Il punto di partenza del film è, ovviamente, un incontro. E poi è la scoperta dei muri che dividono, e il vedere qualcuno che ci sbatte contro. Spesso ho detto che fare un film significa proporre una forma autoritaria. Dicendo questo intendo dire che realizzare un film vuol dire darsi il diritto di parlare un linguaggio altro rispetto a quello dominante. È levarsi contro il “cistema” e il sistema attuale, opporvisi, è raccontare altre storie, e sognandole, renderle più reali.
Ciò significa che le nostre utopie sono eterotopie: che si avverano veramente. È dare a qualcuno un posto, mostrare quella persona con i tuoi occhi, è fermare la violenza, anche se è solo per un momento. Con questo film voglio creare uno spazio per curare e riparare, e voglio anche riaprire uno spazio per Cuco, dove possano essere riconosciuti, visti ed esistere.
Ogni volta che il film è selezionato, è una vittoria contro l’annichilimento. L’abbiamo presentato diverse volte in Francia, siamo andati in Inghilterra e poi in Italia. Di conseguenza, Cuco hanno ricevuto molti inviti per interviste, performance e reading, che sono altrettanti capovolgimenti dello stigma.
Più concretamente, ho iniziato il film basandomi su un’idea (quasi un capriccio), non partendo da una preparazione o da una scuola specifica. Ho avuto Victor come alleato, il capo-operatore del film, e ora anche mio migliore amico.
Avere Victor vicino è stato fondamentale per imbarcarmi in questa avventura, dal momento che ho iniziato senza produzione. Avendo avuto parecchi rifiuti per quanto riguarda sussidi e, appunto, produzione, ho deciso di non aspettare un aiuto esterno, e ho iniziato il film quando La Station Gare des Mines e i collettivo Mu [due associazioni culturali, n.d.t.] mi hanno offerto una residenza artistica.
Ho deciso di iniziare a girare le prime scene del film in Francia. Quattro mesi dopo abbiamo fatto delle riprese in Messico per El día de l@s muert@s. E nel gennaio del 2020 abbiamo fatto le ultime scene a Londra. E poi c’è stato il lockdown! È stato grazie alla velocità delle ultime riprese che ho potuto usufruire dell’assistenza post- G.R.E.C. (Experimental and Cinematographic Research Group). E per quanto riguarda le immagini, la costruzione vera e propria del film, ho deciso di filmare Cuco come li conosco, e come potreste incontrarli voi.

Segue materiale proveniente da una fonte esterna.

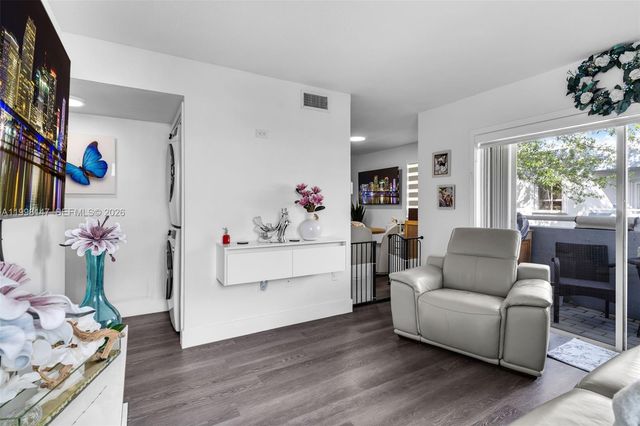 6210 SW 131st Ct 204, Miami, FL 33183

Che programmi hai per il futuro?
Grazie al premio che HERMAN@S ha vinto al Les Écrans Documentaire festival, ho ottenuto una sovvenzione per il mio prossimo film presso il [centro culturale] Moulin d’Andé in Francia. Ho deciso di imbarcarmi in un nuovo documentario sulle pratiche tipografiche post-binarie!
Faccio anche parte del collettivo tipografico inclusivo franco-belga BYE BYE BINARY. Stiamo lavorando alla creazione di nuovi grafemi e di nuovi glifi per de-binarizzare la lingua francese, che nell’uso corrente è sessista e binaria. Il nostro obiettivo è rendere visibili le identità non-binarie, trans e queer.
Questa visibilità significa attestare le nostre esistenze, che anche attraverso il linguaggio sono state stigmatizzate e discriminate. Queste sono anche forme di riparazione.
In parallelo al progetto di questo film, continuo ovviamente la mia avventura con il collettivo, partecipando ai nostri workshop alle nostre conferenze e alle nostre sessioni di creazione grafica. Per il futuro più distante, sto ideando anche un progetto con la ceramica sui diritti degli animali, un soggetto che mi sta particolarmente a cuore.
Ringraziamo Hélène per la sua disponibilità, e auguriamo buon lavoro al team di Some Prefer Cake perché si sa, chiusa un’edizione, è già ora di iniziare a preparare quella successiva. La cultura non si ferma mai – o perlomeno non dovrebbe farlo.